Six years ago, I went to the Roskilde Festival as a volunteer working for the international camp. It was the first time for me to witness such a huge collection of big bands and crazy fans.
I saw bands from Europe, America and Africa. My only regret was that there weren't any Chinese people with whom to share the excitement. I wondered why we didn't have the same kind of events back in China. People in China need it and we should bring Chinese bands to festivals in other countries such as Roskilde, I thought at the time. I knew we certainly had enough talented musicians to share and show with the rest of the world.
Later on I learned that the whole summer is a festival season for Europeans. Stages and tents are set up all over the continent.
In the following years, I learned about the Beijing Midi Festival, Helanshan Festival and Strawberry Festival. Perhaps China will soon have a booming season for music festivals to rival Europe and North America's. Overseas bands are coming to our festivals and Chinese bands have stepped on the stages abroad as well.
Chinese people are familiar with the slogan of "Let Chinese culture go abroad". However, there seems to be some misunderstanding, with many mistakenly thinking that "Chinese culture" only means traditional Chinese culture.
Take Confucius Institutes for example, which have been playing an increasingly important role in promoting Chinese language and spreading Chinese culture. There are 300 around the world. They teach calligraphy and paper cutting, and put on the richly-costumed singing and dancing performances. But these kinds of culture activities are not so popular in today's China.
Confucius Institutes are still quite new and it's understandable that they start with some easy-to-do projects and easy-to-access resources. But it is necessary to go beyond such obvious projects. Why don't Confucius Institutes take more current culture abroad, such as Chinese bands?

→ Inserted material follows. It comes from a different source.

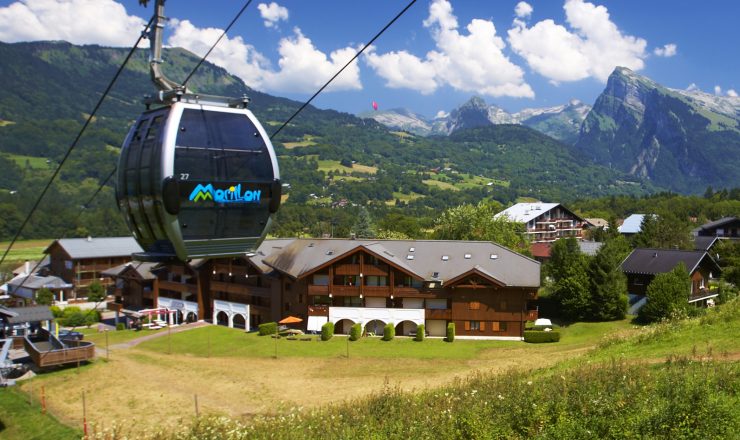 The Morillon gondola lift is going into summer mode!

The Goethe Institute brings German bands to China because modern music is an important window into how German young people think and live nowadays. Modern music is one of the most resonant ways to bring young people together.
If Confucius Institutes did the same with Chinese bands it would help tell the world how far China has come since the time of long pigtails and gowns or the blue and gray uniforms of the 1960s, helping to dispel some of the stereotypes held by those who know little about today's China.
Undoubtedly it makes much more sense to understand a culture through its current forms of expression instead of staring at museum items. But the traditional and the modern don't have to stand on two ends of an axis of time. There must be some integration, bringing together both tradition and modernity.
The popularity of a culture depends on a healthy cultural market. China's modern cultural market is more than healthy -it's positively thriving. With their government support and wealth of resources, Confucius Institutes could and should play a stronger role in maintaining this China's thriving modern culture and sharing it with the rest of the world.